C’est ce qu’ont constaté les reporters de Canal + auxquels on a proposé un simulacre d’égorgement.
Cela ne les a pas fait rire, mais ils n’étaient pas au bout de leur peine.

« Je suis en colère, moi je tue le bébé,

même une femme enceinte, moi je la tue »

 Après la découverte de nouveaux meurtres imputés aux musulmans, les Anti-balaka se lâchent devant la caméra.
Et arrive l’insoutenable, le plus grand tabou, le cannibalisme.
« Le musulman, c’est bon pour manger » déclare un Anti-balaka.
Il fut un temps, chrétiens et musulmans vivaient en paix.
« Ca fait tellement mal, je suis tellement déçu, ils cassent les maisons, des gens avec qui on a grandi et passé toute notre vie ensemble, et finalement… » déplore un musulman qui parcourt son quartier détruit et mis à sac.

 De coups d’Etat en coups d’Etat, vers un conflit religieux.

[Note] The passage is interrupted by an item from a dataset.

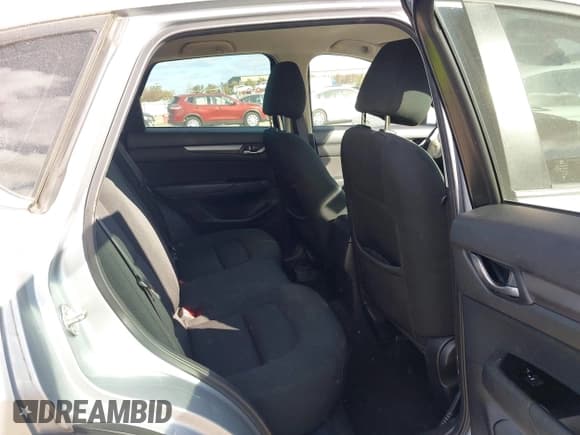 ✅ 2018 Mazda CX-5 Sport • VIN: JM3KFBBM4J0466722 • Lot: 43447310. Wystawiony na IAAI z przebiegiem 45 761 mil. Bezpłatny archiwum sprzedaży aukcyjnych z USA i szczegółowy raport historii pojazdu na DreamBid. Zdjęcie 8.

Depuis son indépendance en 1960, le pays ne connaît que coups d’Etat et guérillas.
Le président François Bozizé, arrivé au pouvoir par un coup d’Etat en 2003, est renversé en mars 2013, par la milice musulmane de la Seleka, « alliance » en langage sango.
Michel Djotodia s’autoproclame président, mais se révèle incapable de ramener une stabilité dans le pays, et les exactions se multiplient.
La Seleka qui n’a pas de réel commandement, réunit les musulmans affidés au nouveau président, des mercenaires et des coupeurs de route.
Les exactions de la Seleka ont amené les villageois à créer des milices d’autodéfense, les Anti-balaka, et à ce que la France intervienne sous l’aval de l’ONU, appuyée par les soldats africains de la Misca.
Les clivages religieux se sont exacerbés dans une société qui connaissait déjà un conflit entre éleveurs nomades musulmans et paysans sédentaires chrétiens.
A présent, ce pays qui connaît sa troisième guerre civile, compte un million de déplacés et deux mille morts.
Et la réconciliation n’est pas pour demain.